# Steven's 200, .223 Rem.



## sharpshooter_boss (Oct 26, 2005)

Ok, i normally have suggestions, but today it's my turn to be an idiot. I bought this rifle before I left for the army in late 05, and I haven't really shot it since i've been home. Before I left, it was not uncommon for me to shoot 3 round, sub-quarter size groups at 200 yards. All day. When I took it out the only time I went coyote hunting last year, I scrubbed the bore, and ran a patch or 2 through it with oil, and then shot one round through it to dry it out before I went hunting. Never shot it at anything, so when I took it out this morning, I naturally assumed it was still zeroed at 200 yards. Well, it seems to be zeroed there, but the bullets aren't hitting there. Or anywhere inparticular. They now have a spread of about 8-9 inches. I've tried everything short of switching scopes. I made sure it was pillar bedded properly, I adjusted my cheek rest to a better position, I shot different factory loads and weights from a sandbag. I even took it to the gunsmith to have him look at the trigger, and I still can't figure out why its not shooting right. Even at 25 yards, it will put the first round dead center, and the next will be half an inch to the left, and then to the right, or vice versa.
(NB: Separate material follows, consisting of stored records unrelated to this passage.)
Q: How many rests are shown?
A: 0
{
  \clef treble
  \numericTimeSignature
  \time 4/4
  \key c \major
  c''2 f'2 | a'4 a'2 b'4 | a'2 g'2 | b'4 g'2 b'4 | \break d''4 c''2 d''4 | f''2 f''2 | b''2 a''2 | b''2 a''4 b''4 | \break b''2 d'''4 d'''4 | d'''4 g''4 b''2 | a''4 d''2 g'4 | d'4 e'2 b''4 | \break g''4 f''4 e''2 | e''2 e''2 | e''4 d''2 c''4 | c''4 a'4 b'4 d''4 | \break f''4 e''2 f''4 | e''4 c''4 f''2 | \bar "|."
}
I know i'm not pulling the trigger, and I know its not my breathing. HELP!!!


----------



## Horsager (Aug 31, 2006)

I'd make sure all the scope hardware is tight. If it is, try a scope from a different rifle that you know is working. The scope isn't generally the 1st place I look, but when everything else checks out that's the next step.


----------



## sharpshooter_boss (Oct 26, 2005)

I'm going to switch out the scope tomorrow. I also rigged up a impromtu (spelling?) cheek rest for my straight stock. I'm running a 6x24x50mm, so the scope is up there a ways. hard to get proper positioning and eye relief without one.


----------



## sharpshooter_boss (Oct 26, 2005)

hey, just had a crazy thought...was reading another forum and they were talking about possibly having the top straps on the scope rings too tight. Could that possibly be where my inacuracy is coming from? and if they ARE too tight, then if i loosen them back up and tighten them to the correct poundage, do u think there would be irriversible damge to the tube?


----------



## sharpshooter_boss (Oct 26, 2005)

I loosened and re-tightened the top straps to a more suitable tightness this morning. took it out but i only had a 12" shoot-n-c, so I put it on the 200 yard steely. the first 5 rounds pretty much blew a fist size hole in the shoot-n-c, so after that i had no idea where they were hitting. but its shooting better. just not sure how much better...


----------



## Horsager (Aug 31, 2006)

A can of spray paint on the steel works better than any paper targets.


----------



## sharpshooter_boss (Oct 26, 2005)

thanks for the tip. it is a pretty beat up target anyway..might make it look better haha


----------



## Horsager (Aug 31, 2006)

White paint with a flourescent aiming point works well. Crosshairs show up on the white well and the flourescent gives some contrast to get you aiming at the same spot each time. Call it an $8 upgrade that'll work dozens of times.


----------



## Acer (Aug 17, 2007)

For targets most times I just white paper and orange target stickers. Like Horsager said the crosshairs show up very well and the orange gives a focus point. I also use the shoot and see targets by birchwood. The fact they show birght yellow for the bullet hole helps give you an idea how your shooting right then with out having to take my attention off of the target focal point. With this I can focus on the target and see right away how I am hitting, this allowing for instant sope tweeks without having to move from my shooting rest. The only down fall is the black of the target can be hard to get a spacific focal point. Thats where the orange stickers can come in handy again. :2cents:


----------



## sharpshooter_boss (Oct 26, 2005)

o yes, the 12" shoot and see I was using was working awesome, it was just the fact that it was on a steel plate and the effect of the bullet striking the plate was somewhat...devestating on the shoot and see target. i went downrange and looked at it when i was finished for the day and just one .223 round made an inch size hole in the shoot and see...i guess cause of splatter effect or somethin?


----------